Code4lib Day 1: Lightning Talks Notes

Al Cornish – XTF in 300 seconds (Slides in PDF)

  • technology developed and maintained by California Digital Library
  • supports the search/display of digital collections (images, PDFs, etc)
  • fully open source platform, based on Apache Lucene search toolkit
  • Java framework, runs in Tomcat or Jetty servlet engine
  • extensive customization possible through XSLT programming
  • user and developer group communication through Google Groups
  • search interface running on Solr with facets
  • can output in RSS
  • has a debug mode

Makoto Okamoto – saveMLAK (English)

  • Aid activities for the Great East Japan Earthquake through collaboration via wiki
  • input from museum, library, archive, kominkan = MLAK
  • 20,000 data of damaged area
  • Information about places, damages, and relief support
  • Key Lessons
    • build synergy with twitter
    • have offline meet ups & training

Andrew Nagy – Vendors Suck

  • vendors aren’t really that bad
  • used to think vendors suck, and that they don’t know how to solve libraries’ problems
  • but working for a vendor allows to make a greater impact on higher education, more so than from one university (he started to work for SerialsSolution)
  • libraries’ problems aren’t really that unique
  • together with the vendor, a difference can be made
  • call your vendors and talk to the product managers
  • if they blow you off, you’ve selected the wrong vendor
  • sometimes vendor solutions can provide a better fit

Andreas Orphanides – Heat maps

The library needed grad students to teach instructional sessions, but how to set schedule when classes have a very inflexible schedule? So, he used the data of 2 semesters of instructional sessions using date and start time, but there were inconsistent start times and duration. The question is how best to visualize the data.

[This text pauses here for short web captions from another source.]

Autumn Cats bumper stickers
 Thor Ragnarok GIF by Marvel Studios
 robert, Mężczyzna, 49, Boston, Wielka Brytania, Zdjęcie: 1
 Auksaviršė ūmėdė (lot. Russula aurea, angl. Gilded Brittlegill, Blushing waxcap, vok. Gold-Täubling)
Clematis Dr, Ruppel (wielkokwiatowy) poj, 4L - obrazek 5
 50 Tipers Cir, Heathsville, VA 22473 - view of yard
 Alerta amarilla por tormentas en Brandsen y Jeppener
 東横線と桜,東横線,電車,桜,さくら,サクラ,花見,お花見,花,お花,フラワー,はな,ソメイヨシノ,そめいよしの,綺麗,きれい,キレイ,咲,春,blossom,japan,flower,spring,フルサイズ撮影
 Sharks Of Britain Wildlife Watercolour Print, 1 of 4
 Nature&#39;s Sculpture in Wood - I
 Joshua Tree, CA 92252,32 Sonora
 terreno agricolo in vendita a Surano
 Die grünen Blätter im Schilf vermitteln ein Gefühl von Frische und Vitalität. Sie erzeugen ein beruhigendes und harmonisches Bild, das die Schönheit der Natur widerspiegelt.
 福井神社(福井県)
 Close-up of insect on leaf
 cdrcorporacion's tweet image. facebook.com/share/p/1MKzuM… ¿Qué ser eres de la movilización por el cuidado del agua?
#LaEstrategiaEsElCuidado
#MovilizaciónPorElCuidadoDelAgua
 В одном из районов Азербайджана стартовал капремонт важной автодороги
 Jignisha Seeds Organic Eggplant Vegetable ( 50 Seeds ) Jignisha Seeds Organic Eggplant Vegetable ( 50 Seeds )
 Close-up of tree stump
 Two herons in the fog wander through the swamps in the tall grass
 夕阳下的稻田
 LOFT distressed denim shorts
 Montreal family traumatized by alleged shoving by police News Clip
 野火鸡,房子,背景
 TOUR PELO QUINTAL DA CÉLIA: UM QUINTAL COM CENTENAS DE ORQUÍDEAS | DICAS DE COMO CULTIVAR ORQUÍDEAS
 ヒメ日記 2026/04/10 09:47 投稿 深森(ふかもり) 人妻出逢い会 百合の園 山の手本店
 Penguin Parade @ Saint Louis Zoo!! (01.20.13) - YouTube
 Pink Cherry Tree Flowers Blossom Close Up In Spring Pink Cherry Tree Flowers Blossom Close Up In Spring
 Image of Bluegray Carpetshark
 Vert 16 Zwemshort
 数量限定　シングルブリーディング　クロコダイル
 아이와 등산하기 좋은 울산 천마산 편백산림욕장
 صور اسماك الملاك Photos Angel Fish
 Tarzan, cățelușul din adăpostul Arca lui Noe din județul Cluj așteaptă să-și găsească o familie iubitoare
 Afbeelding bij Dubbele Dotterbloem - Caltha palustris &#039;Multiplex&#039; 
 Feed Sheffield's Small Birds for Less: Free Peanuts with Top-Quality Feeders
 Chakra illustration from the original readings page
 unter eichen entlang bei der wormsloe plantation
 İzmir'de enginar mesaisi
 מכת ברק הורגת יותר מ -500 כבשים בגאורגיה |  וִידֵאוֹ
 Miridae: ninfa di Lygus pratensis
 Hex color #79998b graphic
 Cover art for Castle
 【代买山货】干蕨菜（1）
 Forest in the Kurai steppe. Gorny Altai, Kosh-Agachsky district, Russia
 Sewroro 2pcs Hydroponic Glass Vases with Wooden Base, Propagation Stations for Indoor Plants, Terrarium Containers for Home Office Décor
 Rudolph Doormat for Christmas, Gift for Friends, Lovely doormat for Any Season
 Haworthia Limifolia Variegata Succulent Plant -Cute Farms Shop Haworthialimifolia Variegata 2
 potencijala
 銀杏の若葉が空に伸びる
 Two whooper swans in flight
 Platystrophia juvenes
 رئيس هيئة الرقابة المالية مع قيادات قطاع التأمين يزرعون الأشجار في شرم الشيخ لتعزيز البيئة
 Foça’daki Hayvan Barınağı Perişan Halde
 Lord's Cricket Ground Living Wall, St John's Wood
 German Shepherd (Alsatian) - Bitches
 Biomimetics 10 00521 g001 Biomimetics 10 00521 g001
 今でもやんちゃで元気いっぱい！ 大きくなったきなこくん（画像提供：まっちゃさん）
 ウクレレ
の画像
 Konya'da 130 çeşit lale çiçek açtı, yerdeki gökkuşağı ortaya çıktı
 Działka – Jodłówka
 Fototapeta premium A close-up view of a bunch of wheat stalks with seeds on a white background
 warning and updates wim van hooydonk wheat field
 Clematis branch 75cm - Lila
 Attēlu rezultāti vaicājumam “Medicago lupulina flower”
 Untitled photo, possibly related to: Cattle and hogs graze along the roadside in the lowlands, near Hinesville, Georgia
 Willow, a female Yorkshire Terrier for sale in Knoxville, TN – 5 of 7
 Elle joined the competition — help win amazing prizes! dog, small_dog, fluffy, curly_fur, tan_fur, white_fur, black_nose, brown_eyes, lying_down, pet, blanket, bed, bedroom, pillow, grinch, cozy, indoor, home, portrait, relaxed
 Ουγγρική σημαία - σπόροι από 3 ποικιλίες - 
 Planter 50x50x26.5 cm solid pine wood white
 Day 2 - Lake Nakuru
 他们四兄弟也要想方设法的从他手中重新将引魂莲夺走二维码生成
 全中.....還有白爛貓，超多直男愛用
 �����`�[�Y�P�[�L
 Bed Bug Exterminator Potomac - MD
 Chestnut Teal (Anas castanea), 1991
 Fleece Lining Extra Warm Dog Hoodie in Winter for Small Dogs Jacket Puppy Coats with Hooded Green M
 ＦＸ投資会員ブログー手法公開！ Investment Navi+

  • heatmap package from clickheat
  • time of day – x-dimension
  • day of the week – y-dimension
  • could see patterns in way that you can’t in histogram or bar graph
  • heat map needn’t be spatial
  • heat maps can compare histogram-like data along a single dimension or scatter-like plot data to look for high density areas

Gabriel Farrell – ElasticSearch

Nettie Lagace from NISO

  • National Information Standards Organization (NISO)
  • work internationally
  • want to know: What environment or conditions are needed to identify and solve the problem of interoperability problems?

Eric Larson – Finding images in book page images

A lot of free books exist out there, but you can’t have the time to read them all. What if you just wanted to look at the images? Because a lot of books have great images.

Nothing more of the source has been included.